## About this exercise:
Return the lines that run from the line containing "M-WAVE RATCHET WRENCH AND CHAIN ​​TOOL BOX" through the end of the entries, both ends included. Leave out all pictures.

## Supplied data:

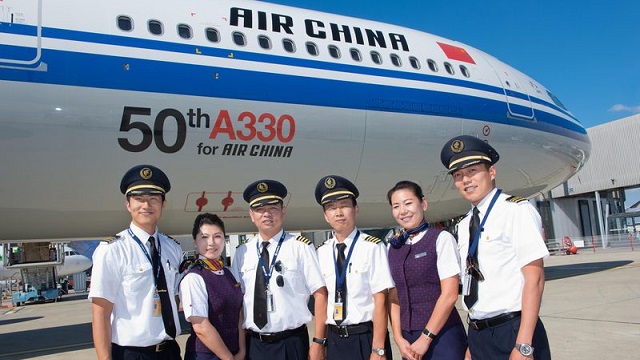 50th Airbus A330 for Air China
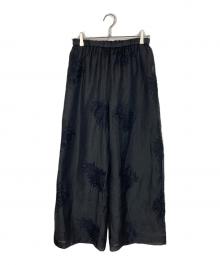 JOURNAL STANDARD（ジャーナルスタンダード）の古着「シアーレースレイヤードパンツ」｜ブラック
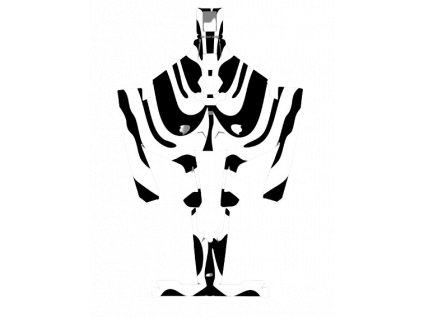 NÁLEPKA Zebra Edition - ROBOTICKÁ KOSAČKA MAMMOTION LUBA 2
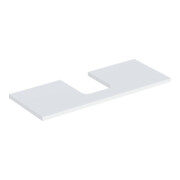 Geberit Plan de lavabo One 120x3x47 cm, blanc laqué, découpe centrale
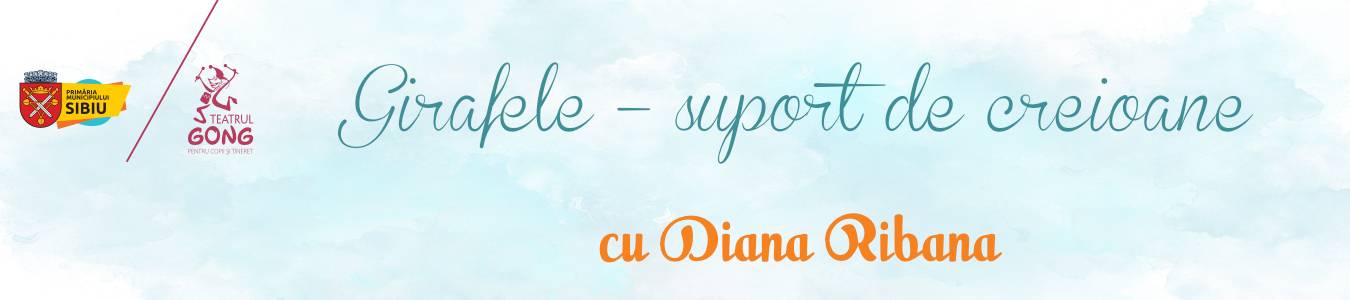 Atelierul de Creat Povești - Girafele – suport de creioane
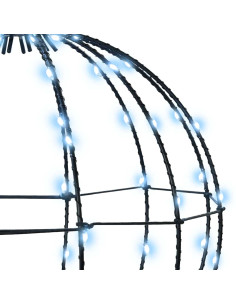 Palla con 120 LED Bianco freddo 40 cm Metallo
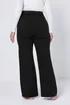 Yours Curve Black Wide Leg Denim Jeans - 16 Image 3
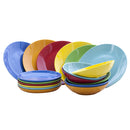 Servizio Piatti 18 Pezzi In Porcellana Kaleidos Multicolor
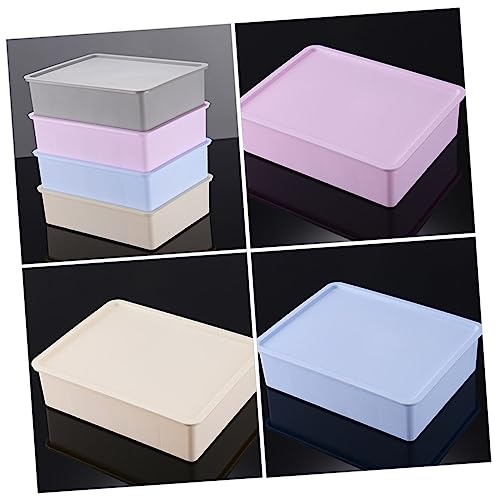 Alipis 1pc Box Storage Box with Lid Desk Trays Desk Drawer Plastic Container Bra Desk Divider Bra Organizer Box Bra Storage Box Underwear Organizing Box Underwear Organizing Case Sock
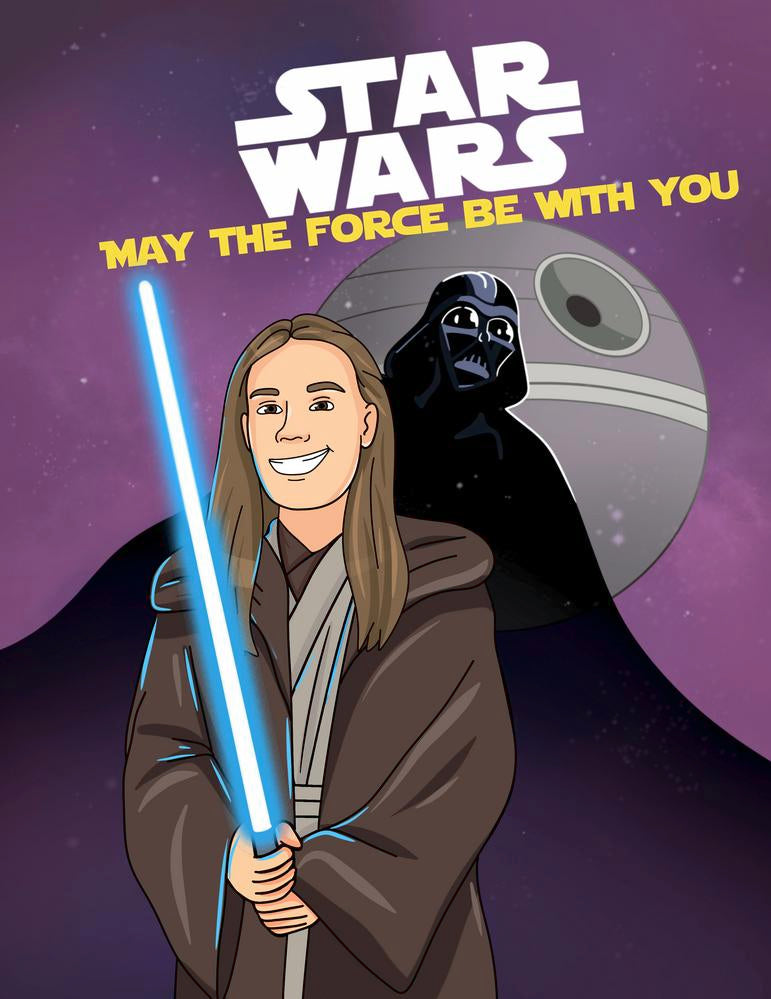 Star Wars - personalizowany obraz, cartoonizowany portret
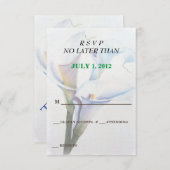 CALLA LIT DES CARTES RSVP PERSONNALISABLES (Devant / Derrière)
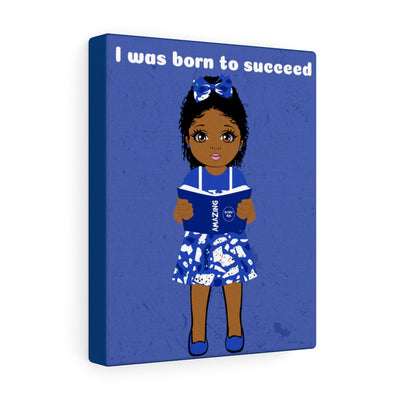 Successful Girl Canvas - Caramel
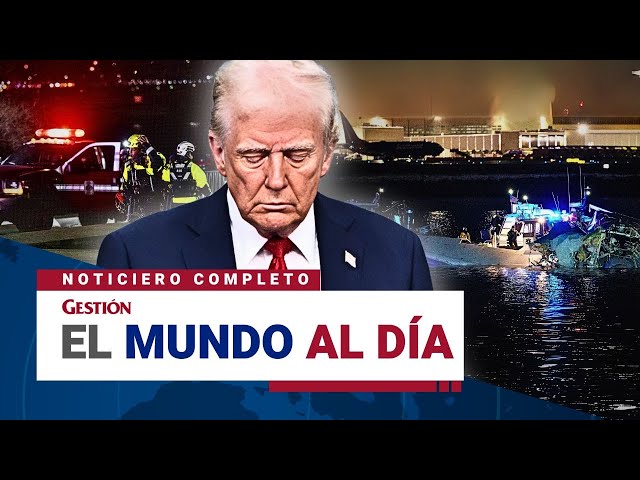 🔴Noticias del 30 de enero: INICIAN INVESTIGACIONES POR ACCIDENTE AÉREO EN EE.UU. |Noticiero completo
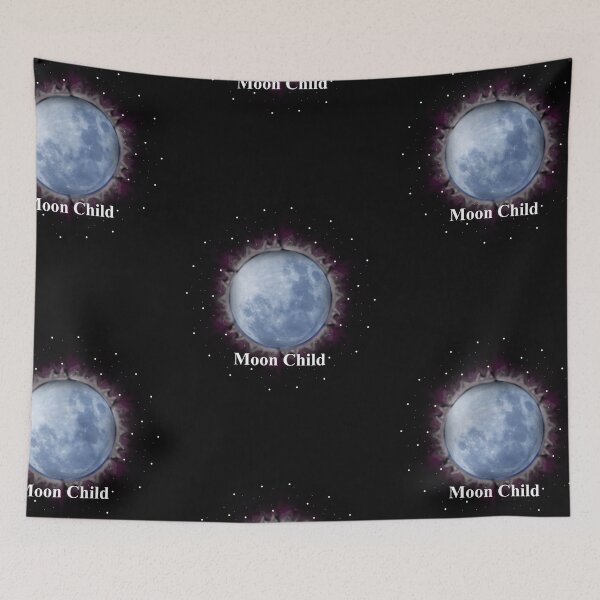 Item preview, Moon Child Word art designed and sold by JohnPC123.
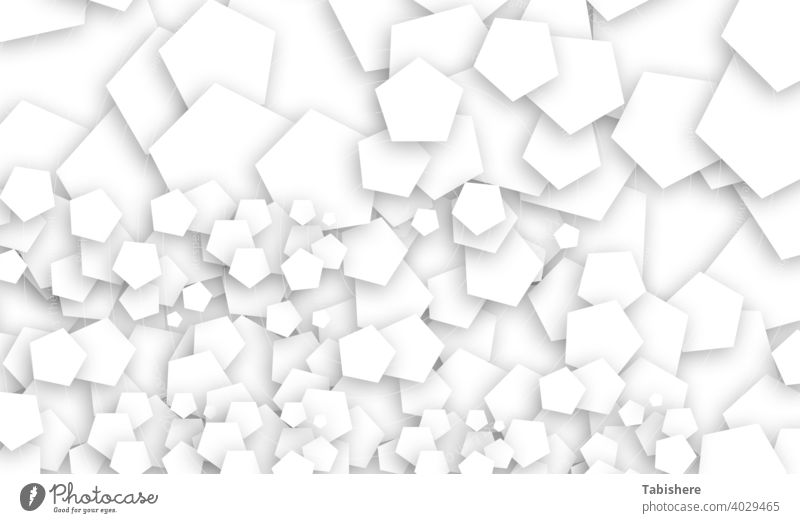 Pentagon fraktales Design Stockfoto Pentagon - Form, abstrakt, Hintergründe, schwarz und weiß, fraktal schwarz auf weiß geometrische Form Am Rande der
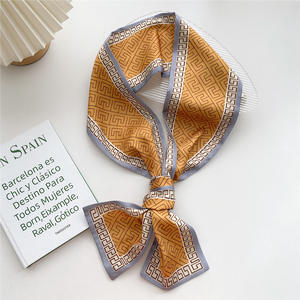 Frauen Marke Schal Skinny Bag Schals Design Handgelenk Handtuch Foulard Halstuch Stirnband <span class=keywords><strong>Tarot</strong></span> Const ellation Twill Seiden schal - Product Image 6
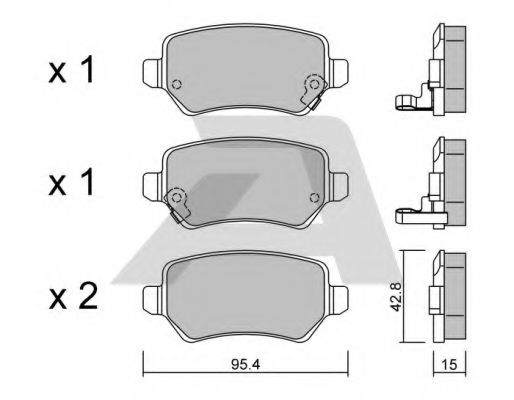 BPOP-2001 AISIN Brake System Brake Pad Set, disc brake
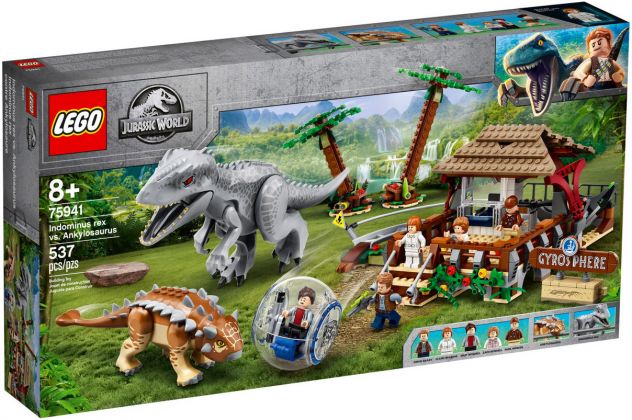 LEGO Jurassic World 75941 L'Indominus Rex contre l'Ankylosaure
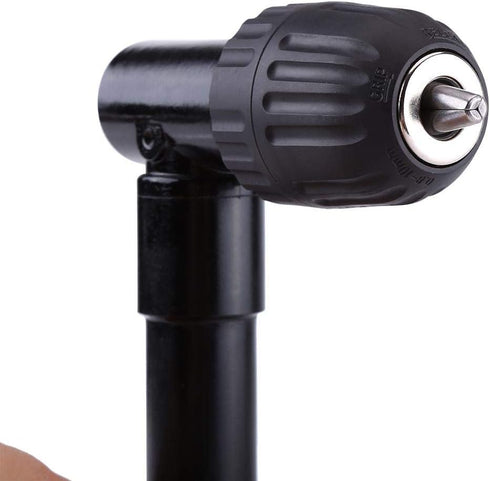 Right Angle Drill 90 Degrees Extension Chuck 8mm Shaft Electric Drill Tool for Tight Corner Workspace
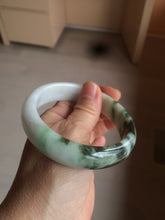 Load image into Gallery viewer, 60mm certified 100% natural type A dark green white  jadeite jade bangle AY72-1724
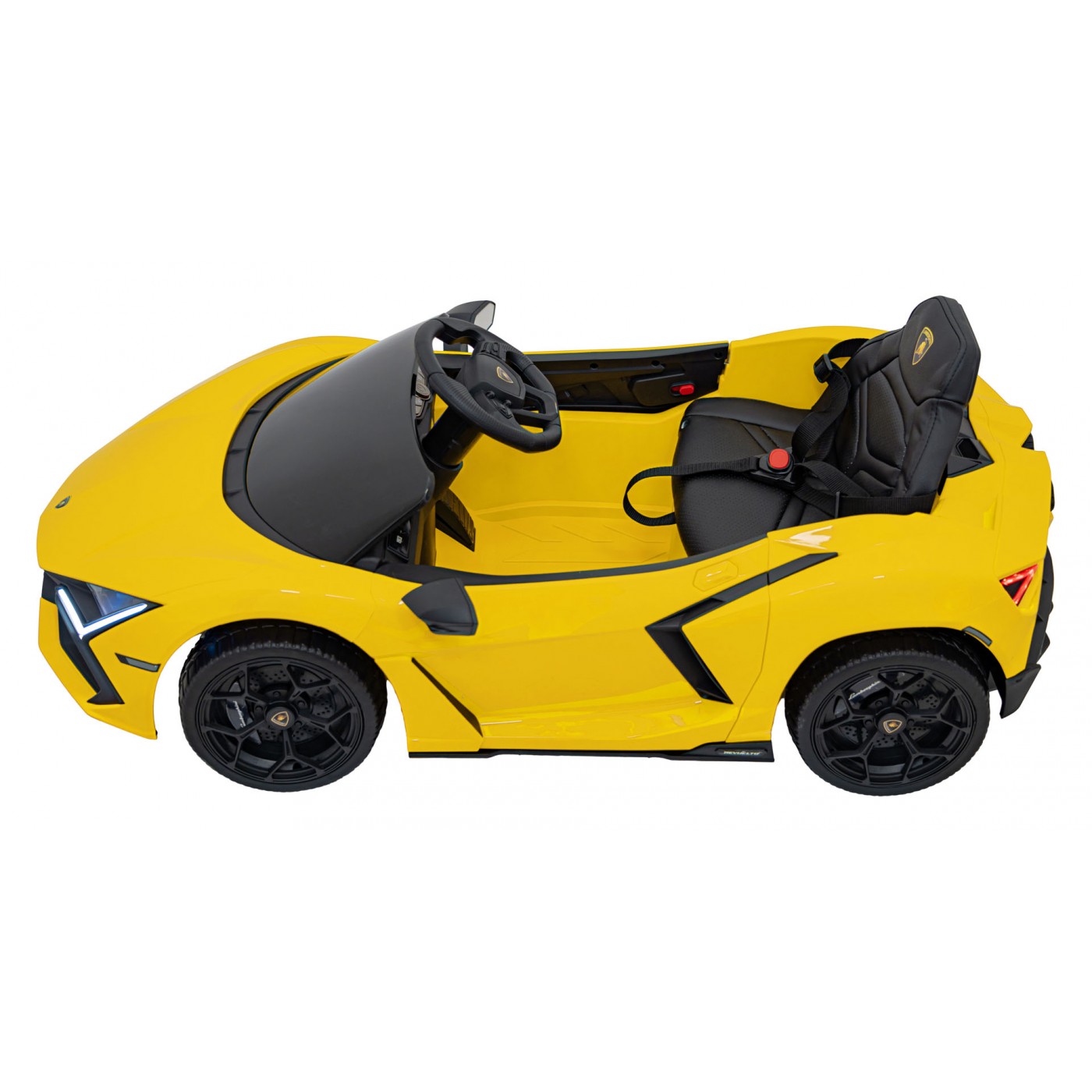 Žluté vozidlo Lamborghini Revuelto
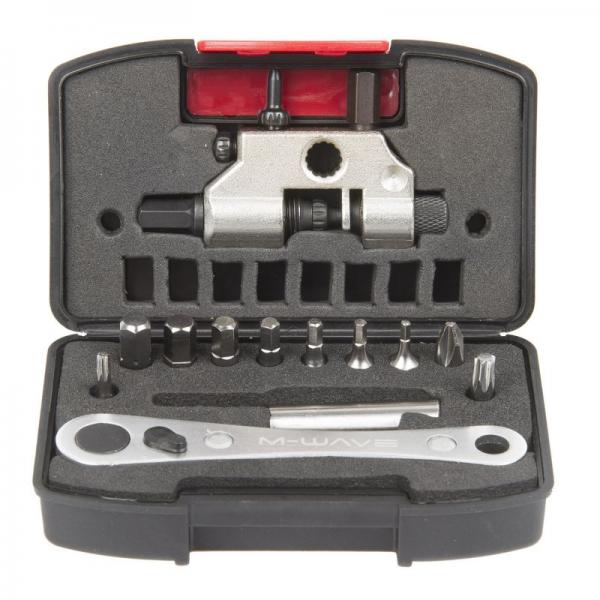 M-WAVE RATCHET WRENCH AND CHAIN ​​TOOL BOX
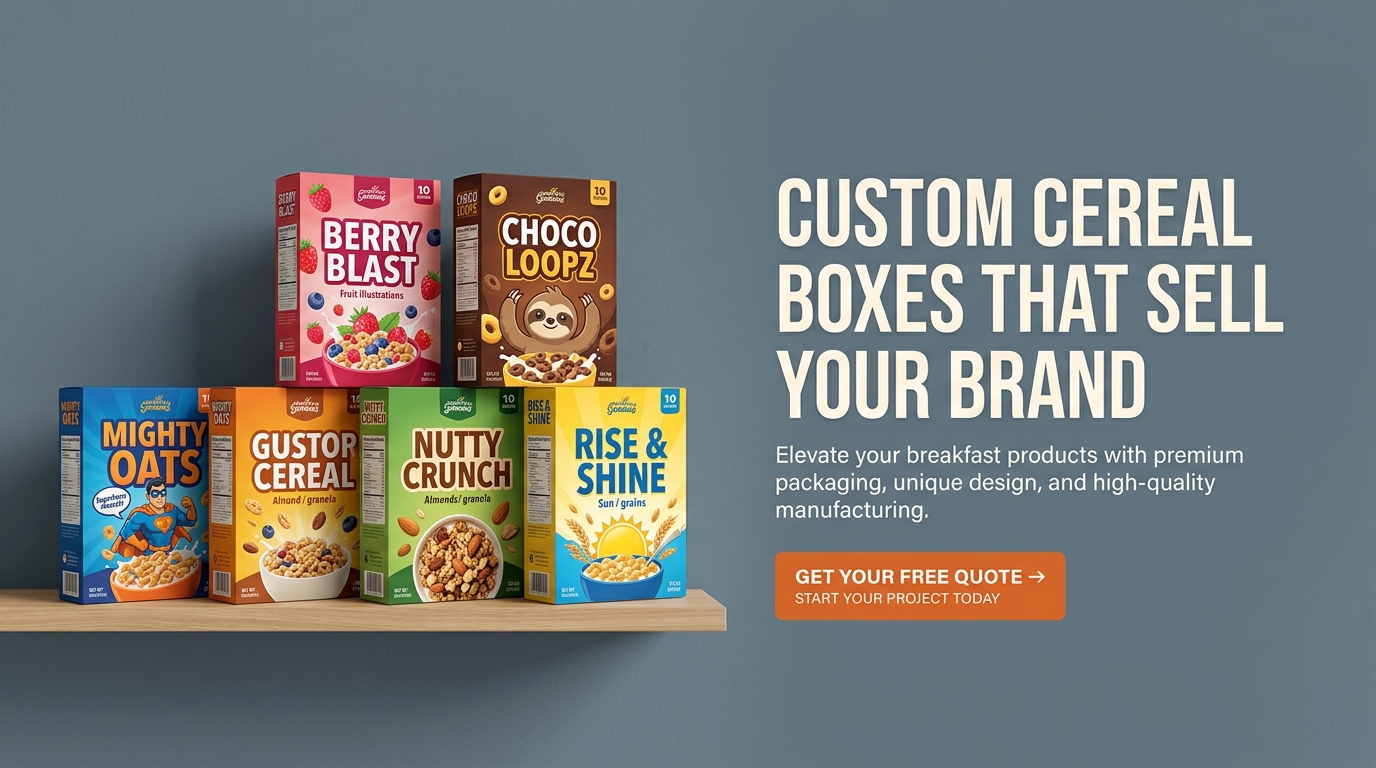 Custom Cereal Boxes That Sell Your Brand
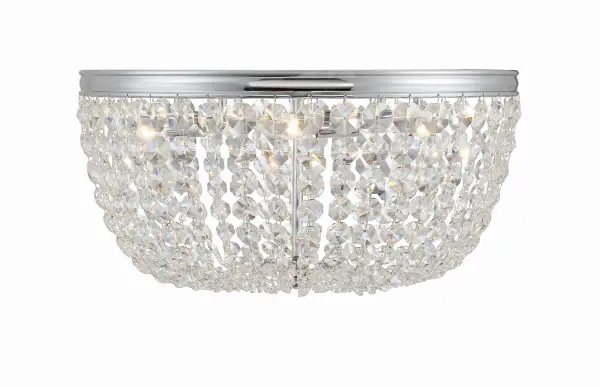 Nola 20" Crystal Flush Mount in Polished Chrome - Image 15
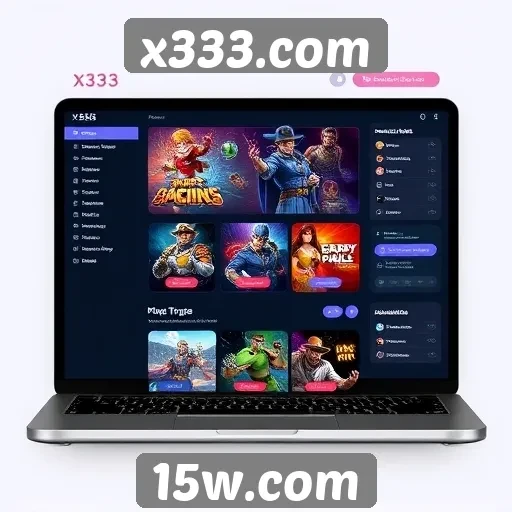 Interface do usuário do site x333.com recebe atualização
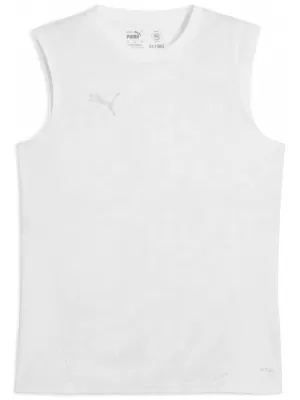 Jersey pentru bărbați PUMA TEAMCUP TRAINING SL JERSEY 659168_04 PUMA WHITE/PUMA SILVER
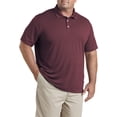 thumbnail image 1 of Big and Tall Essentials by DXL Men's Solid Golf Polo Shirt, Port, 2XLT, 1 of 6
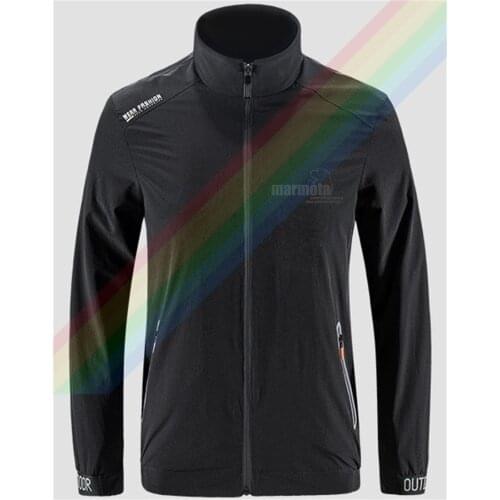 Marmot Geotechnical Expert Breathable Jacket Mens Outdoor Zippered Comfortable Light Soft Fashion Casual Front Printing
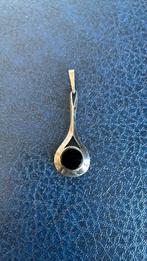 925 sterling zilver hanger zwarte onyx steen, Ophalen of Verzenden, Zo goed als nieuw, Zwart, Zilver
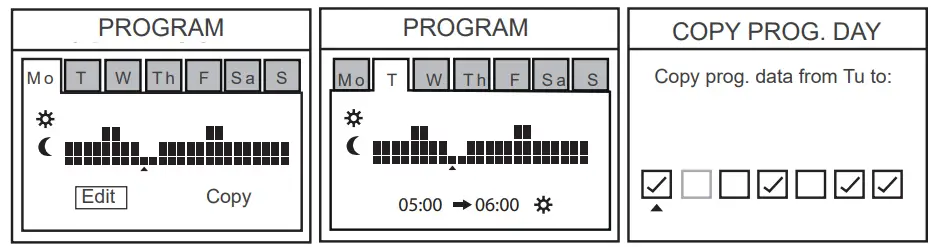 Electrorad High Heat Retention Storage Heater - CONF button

## Response:
 M-WAVE RATCHET WRENCH AND CHAIN ​​TOOL BOX
 Custom Cereal Boxes That Sell Your Brand
 Nola 20" Crystal Flush Mount in Polished Chrome - Image 15
 Interface do usuário do site x333.com recebe atualização
 Jersey pentru bărbați PUMA TEAMCUP TRAINING SL JERSEY 659168_04 PUMA WHITE/PUMA SILVER
 thumbnail image 1 of Big and Tall Essentials by DXL Men's Solid Golf Polo Shirt, Port, 2XLT, 1 of 6
 Marmot Geotechnical Expert Breathable Jacket Mens Outdoor Zippered Comfortable Light Soft Fashion Casual Front Printing
 925 sterling zilver hanger zwarte onyx steen, Ophalen of Verzenden, Zo goed als nieuw, Zwart, Zilver
 Electrorad High Heat Retention Storage Heater - CONF button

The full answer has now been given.